Not surprisingly, it is the older and the less financially savvy who get caught on this price-walking aspect of dual pricing.
Now the Central Bank is to recommend that insurers stop the practice of price walking premiums, or incrementally raising rates every year for customers who stay with them.
If it is accepted and implemented by the Government, it will mean insurers will no longer be able to punish loyalty with higher prices.
But crucially, insurers will still be able to offer discounts to attract new custom.
This will ensure switchers continue to get rewarded, and to avoid a disincentive for new insurance players coming into this market.

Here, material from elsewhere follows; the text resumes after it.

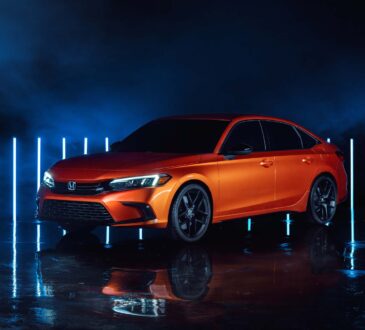 Honda Civic 2022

So switchers will continue to nab the best deals, but long-stay customers may get the likes of a loyalty bonus to stop the gap being too wide between new and existing customers.
This is close to the approach taken by the UK regulator, the Financial Conduct Authority.
It comes after this publication has been campaigning for years against discriminatory dual pricing.
Insurance companies have all denied in the past engaging in dual pricing, but the Central Bank has found in recent reports that price walking is rampant in the industry here.
At the start of the year, Sinn Féin’s Pearse Doherty had legislation banning dual pricing pass a number of stages in the Oireachtas, but the Government put a nine-month stay on the bill.
Now it looks like there will be no action. By the beginning of next year, we could reach the end of the road for the immoral practice of price walking loyal customers into paying too much.